Room-in-a-box, Jul 2017
Paper Escapes (vol 1) is something I discovered through the magic of Amazon’s recommendation engine. It looked like a book, but also has ‘ESCAPE ROOM Experience at Home’ emblazoned on the cover, so obviously I had to give it a go. It wasn’t clear how a book could possibly provide any kind of escape game experience, but before I played Unlock! I wouldn’t have believed that a deck of cards could manage it either.
The book turns out to consist of ten puzzles. Each is presented as a page, with a facing page providing space to scribble notes, and the subsequent pair of pages giving a printed hint plus a QR code and URL to look up the solution on the internet. What that doesn’t give you is a way to verify each answer as you go, which while solving it I thought was a design flaw – but the final puzzle provides a mechanism to verify your earlier answers, so in fact that’s reasonable. The hints, if you choose to look at them along the way, also act as a verification mechanism for most of the puzzles, by providing reassurance that you were thinking along the right lines.
While working through the book my impression of the puzzles was that some of them were, to varying degrees, ambiguous or contained misleading elements. Having solved them and looking back, I’m now more or less satisfied that that’s not the case. I’m writing this review while another couple of my usual escape room teammates attempt the book, and can see them largely following the same dead-end ideas that I tried, so the puzzles are certainly open to a variety of interpretations. But in each case, the correct solution fits neatly and robustly, and all alternative solutions fail to work. With both of the two puzzles where we had two possible answers written down, the more obvious one turned out to be correct; and in any case the final puzzle would have flagged up any previous wrong answers.
Once all puzzles are solved, there’s a final QR code which takes you to a website to enter the answer to the final puzzle for verification. Since solving the final puzzle requires all the previous answers, that also verifies the rest of the book at the same time.
The big let-down here is that this is a long way from anything I’d call an escape game. It’s a set of ten puzzles which you can attempt on your own or as a pair (the book states that it’s for 1-2 people, and any more than that would be a stretch), with a suggested 60 minute time limit that seems included purely to increase the resemblance to an escape room. Each of the puzzles is something that could conceivably be found in an escape room, but collected together they do not add up to anything that feels like a proper game. Oh, and a minority of the puzzles are also destructive, such that the book can only be used once unless you take pains to avoid marking it.

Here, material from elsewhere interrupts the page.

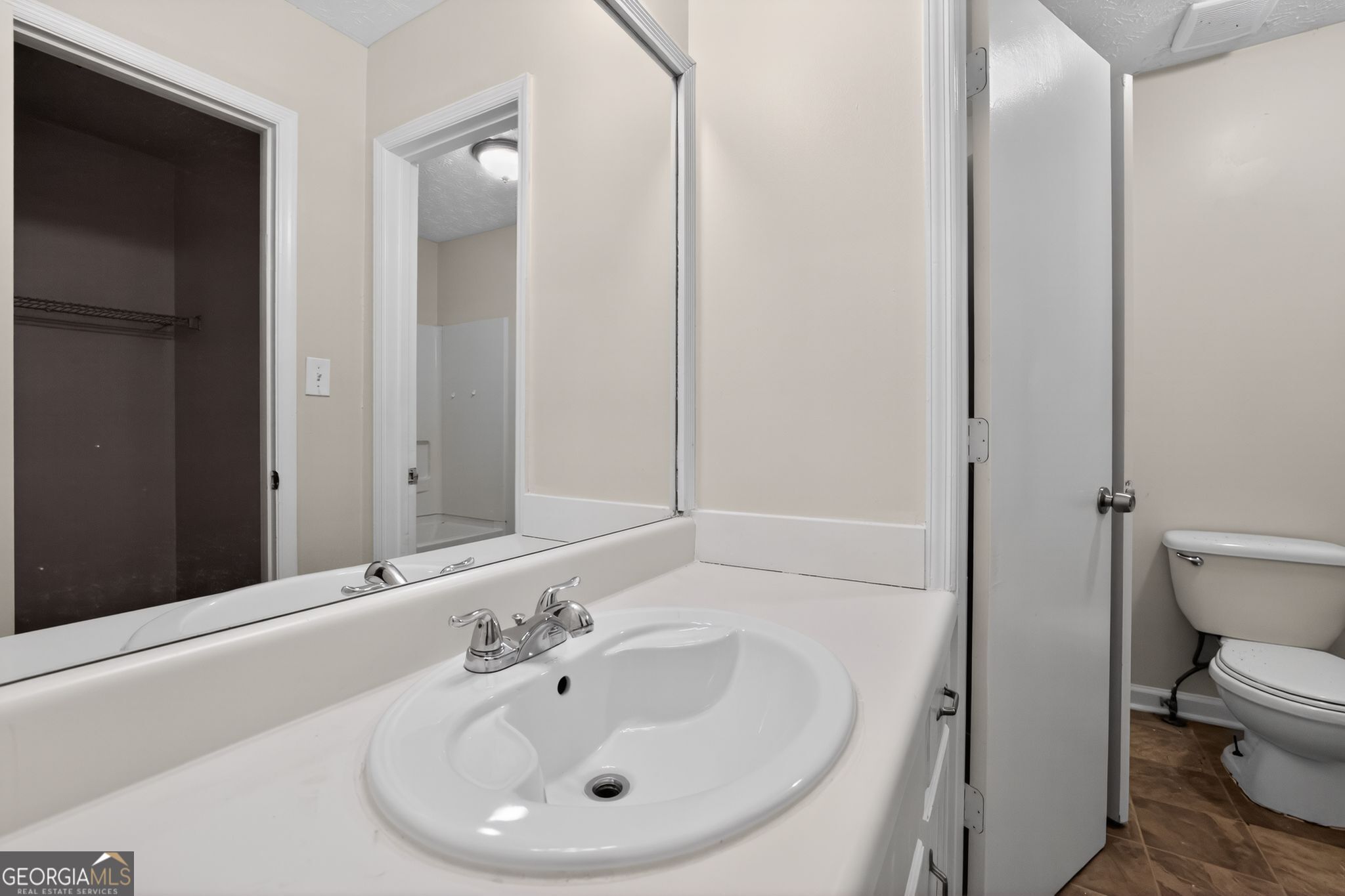 4586 High Gate Lane Lithonia, GA 30038 - Photo 26 of 33 a bathroom with a sink and a toilet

If the idea of a book of puzzles appeals to you, go buy Journal29 instead: it uses a similar but more sophisticated format, six times as many puzzles, and a vastly higher standard of variety and creativity. There’s no review for that on this site since it makes no claim to be an escape game; and I’d say this book has no business claiming to be one either.
This is a nice little intro to casual puzzling. It’s nothing to write home about, nor is it awful. Writing “Escape Room” on the front was a bit of a strategic error. There’s no theming, no story and no escape – just some okay puzzles to play against the clock. This is a puzzle book… unless… maybe… just perhaps the story really gets going in Volume 2? I guess we’ll never know.